┏━━

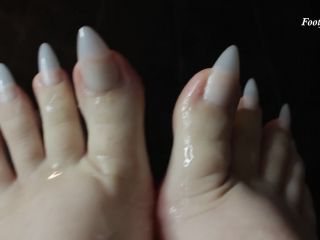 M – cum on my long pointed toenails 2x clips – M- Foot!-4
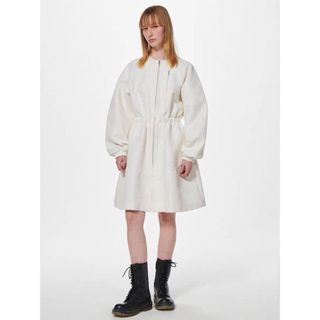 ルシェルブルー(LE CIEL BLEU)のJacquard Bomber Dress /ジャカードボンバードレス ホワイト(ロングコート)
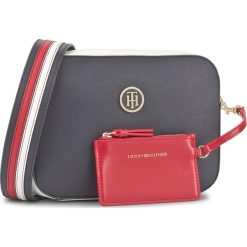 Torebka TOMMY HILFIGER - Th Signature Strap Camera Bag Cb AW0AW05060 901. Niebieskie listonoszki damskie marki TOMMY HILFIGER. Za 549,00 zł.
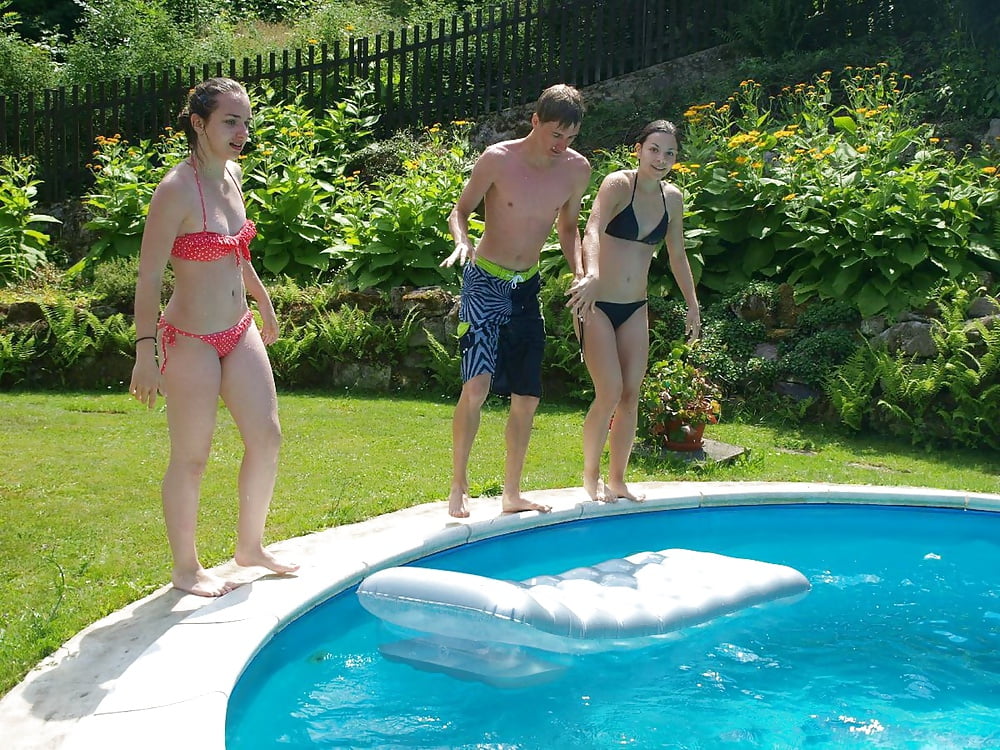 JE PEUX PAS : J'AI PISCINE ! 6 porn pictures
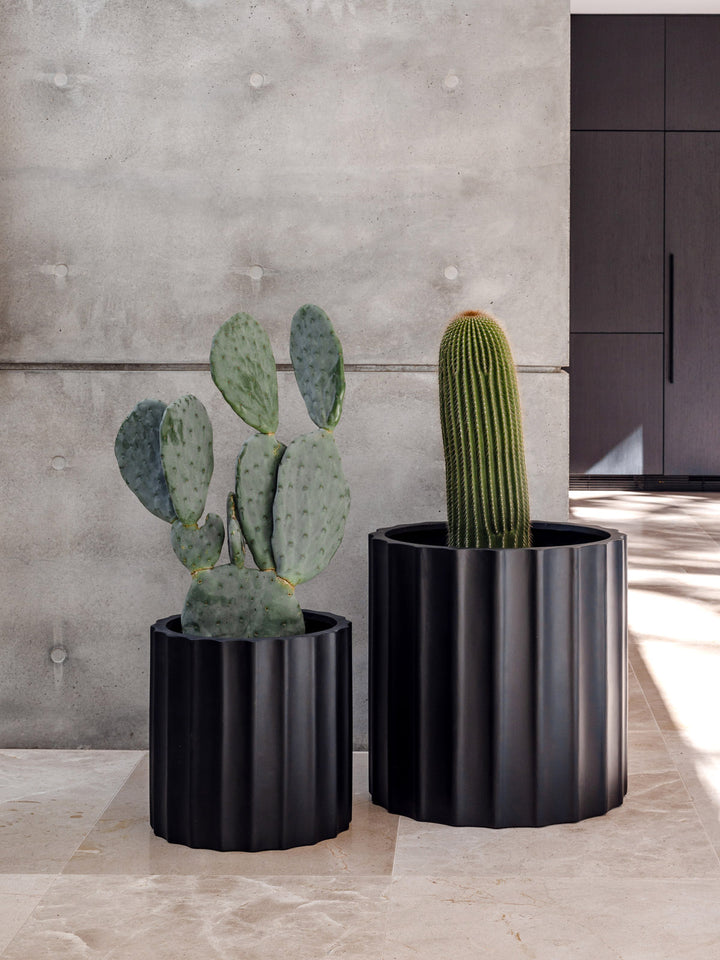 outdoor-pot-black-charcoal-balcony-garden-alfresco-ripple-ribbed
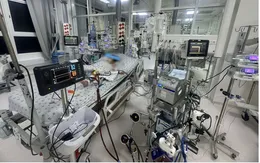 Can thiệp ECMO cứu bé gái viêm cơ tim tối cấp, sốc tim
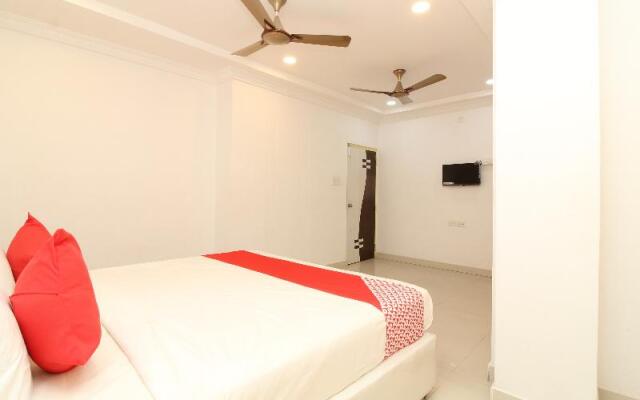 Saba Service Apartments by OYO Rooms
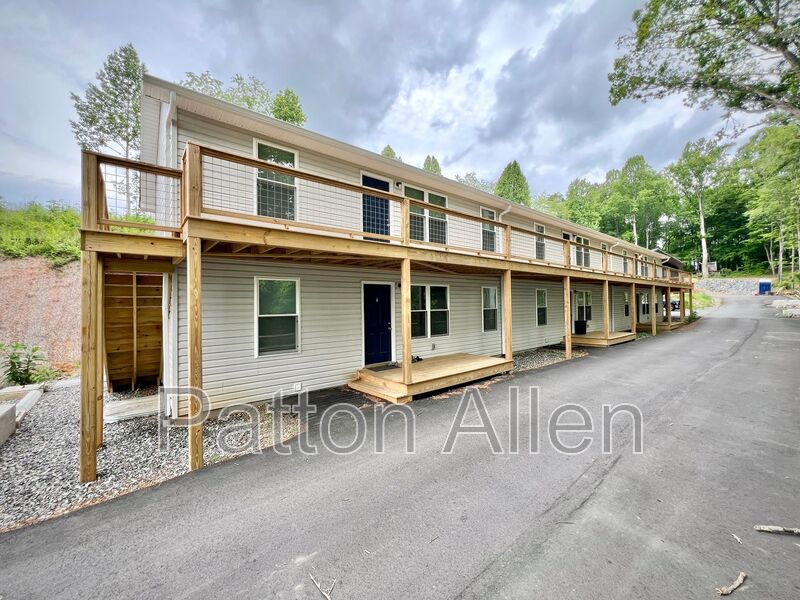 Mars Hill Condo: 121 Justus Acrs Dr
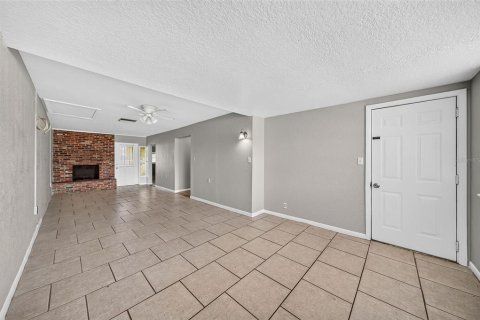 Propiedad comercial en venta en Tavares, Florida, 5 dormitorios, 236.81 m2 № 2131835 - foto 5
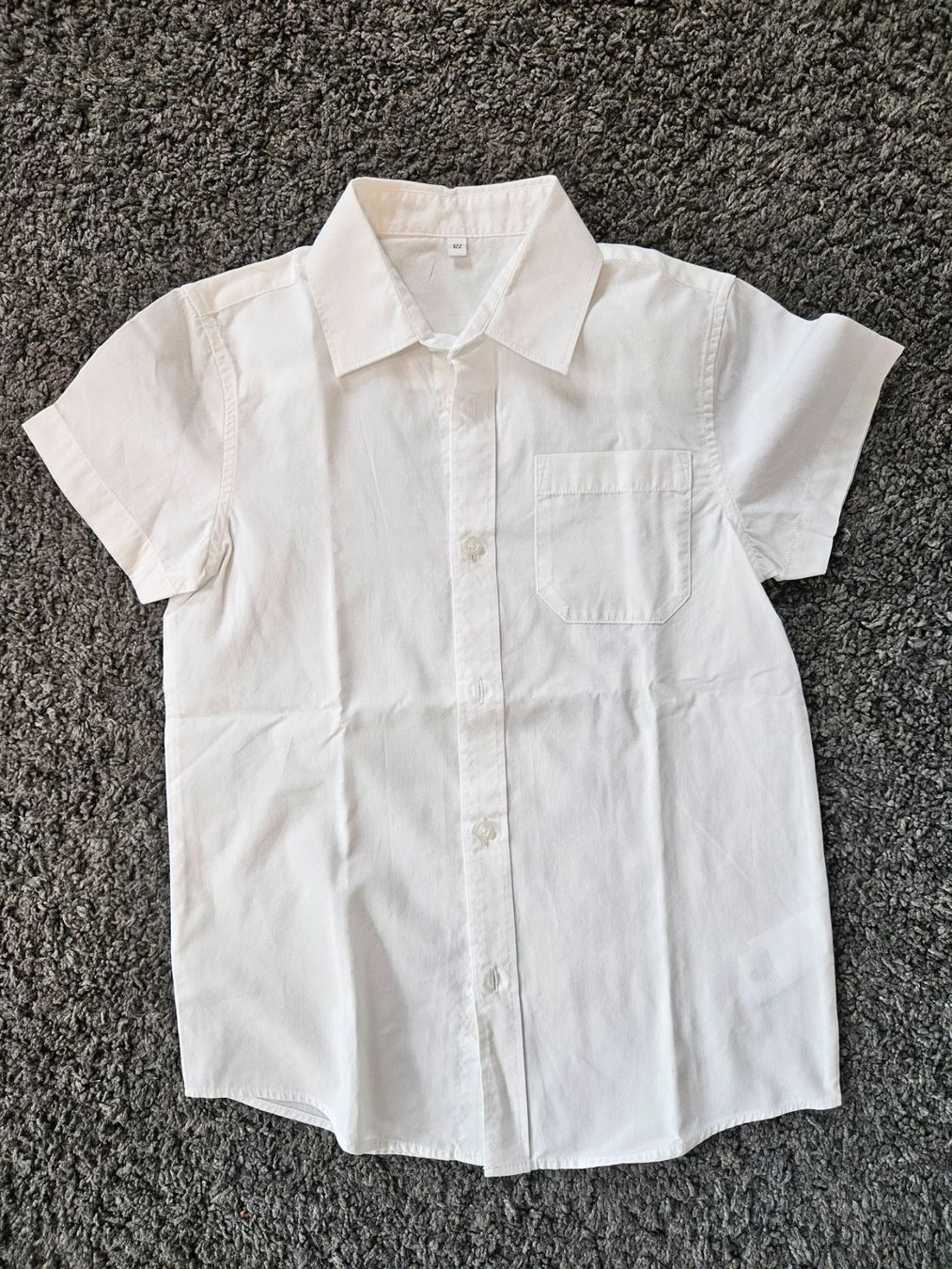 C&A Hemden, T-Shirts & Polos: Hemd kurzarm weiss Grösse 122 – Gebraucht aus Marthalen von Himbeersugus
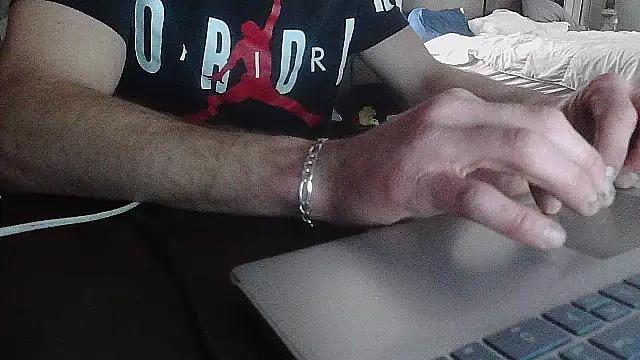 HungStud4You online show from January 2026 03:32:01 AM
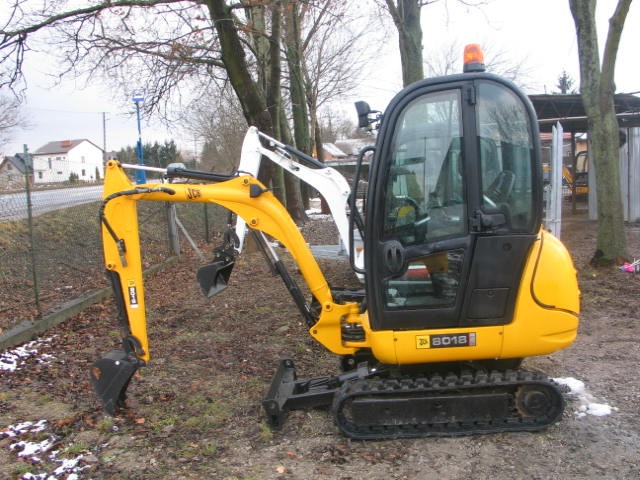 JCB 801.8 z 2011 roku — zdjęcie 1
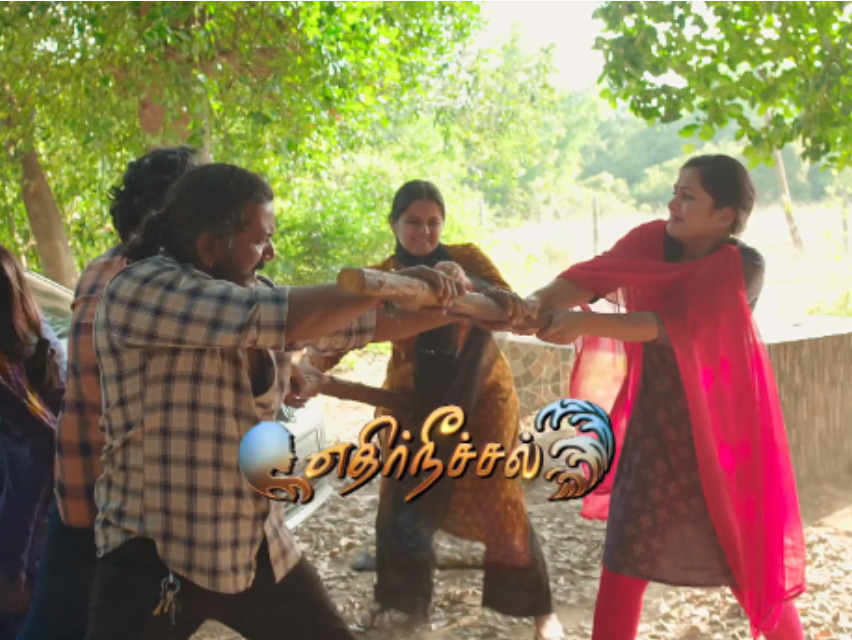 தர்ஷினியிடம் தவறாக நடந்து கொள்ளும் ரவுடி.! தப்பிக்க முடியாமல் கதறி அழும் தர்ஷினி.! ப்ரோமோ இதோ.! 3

┗━━

§ **WHAT YOU NEED TO DO**: From the line containing "JCB 801.8 z 2011 roku — zdjęcie 1" down to the last line of the entries above, copy each line exactly and nothing more. Leave pictures out.

§ **SOLUTION**:
 JCB 801.8 z 2011 roku — zdjęcie 1
 தர்ஷினியிடம் தவறாக நடந்து கொள்ளும் ரவுடி.! தப்பிக்க முடியாமல் கதறி அழும் தர்ஷினி.! ப்ரோமோ இதோ.! 3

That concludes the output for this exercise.